26 Views Asked by At

I might not be familiar enough with math terminology to correctly word this question. I think I can better describe it through example.

I have a list of random samples. Each sample has 3 "1" elements that are "randomly" distributed throughout the list.

1: [0, 0, 1, 1, 0, 0, 0, 1, 0]

2: [1, 0, 0, 0, 0, 1, 0, 1, 0]

3: [1, 0, 0, 1, 0, 0, 1, 0, 0]

I suspect that the randomness of each list is "stratified": that the lists are divided into 3rds and the "1" elements are randomly placed in each 3rd.

I imagine there is a way to determine with X degree of confidence that the distribution is stratified and that confidence would increase the larger the sample size.

What is the way to solve for that?

1

There are 1 best solutions below

3
On BEST ANSWER

Edit, see below:

There are two things going on that suggest a manipulated sample.

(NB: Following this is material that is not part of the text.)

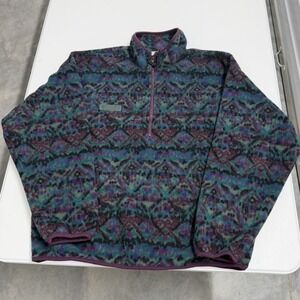 Vintage Columbia Fleece Pullover Quarter Zip Geometric Aztec Purple Teal Mens L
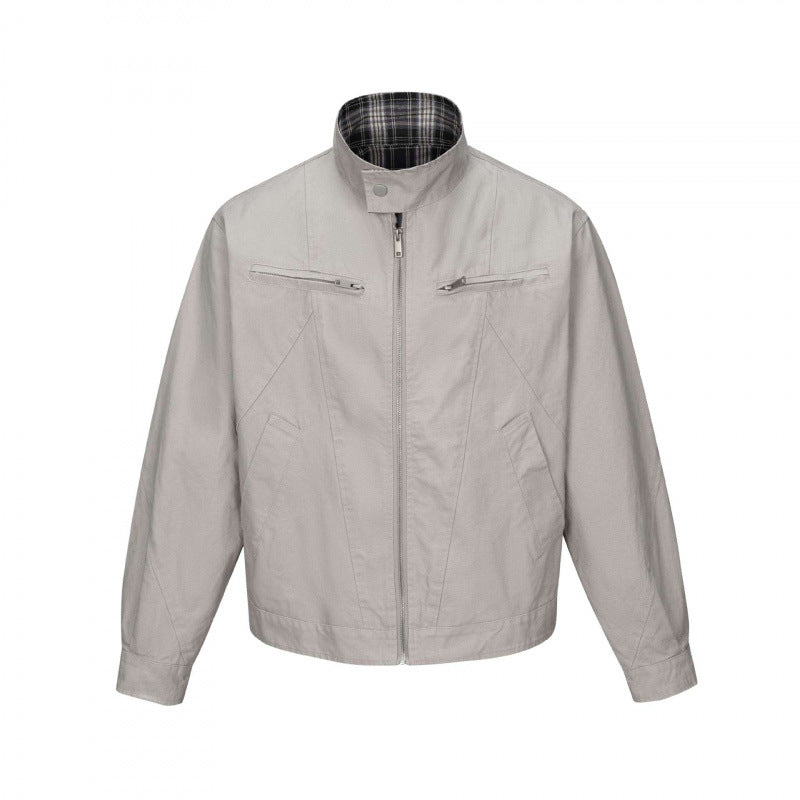 Herren Kurz geschnittene Canvas-Blousonjacke mit Stehkragen, Reißverschlusstaschen und kariertem Futter Echo Archiv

There is exactly a one third to two thirds ratio and each subgroup has this exact ratio also.

One way of looking at this is as a hypothesis test at say the 95% confidence level. The null would be that this distribution is no different from a random distribution of $1$s and $0$s from a population of one third $1$s and two thirds $0$s.

For a sample size of $27$, we have $3$ groups of $9$ with three $1$s and six $0$s. For a single group of $9$, the probability of getting exactly three ones is $p =\binom{9}{3}\cdot \frac{1}{3}^3\cdot \frac{2}{3}^6 = .273129$. Repeated $3$ times for the three groups of $9$, the probability is $p = .273129^{3} = .020375$.

As $.020375 < .05$ we reject the null and conclude that this sample is statistically significantly different from a random sample.

For this kind of test, with more groups of nine, the smaller the p value and the greater the confidence of being a manipulated sample.

Edit: Assuming the ones are placed randomly into the $9$ elements, the probability of getting a distribution of one in each third for a single group of $9$ is $$p = \frac{3^3}{\binom{9}{3}} = \frac{27}{84} = \frac{9}{28}$$ At the $95\%$ confidence level, one would need $x$ groups of $9$ with this distribution where $(\frac{9}{28})^x < .05$. In this case $x = 5$.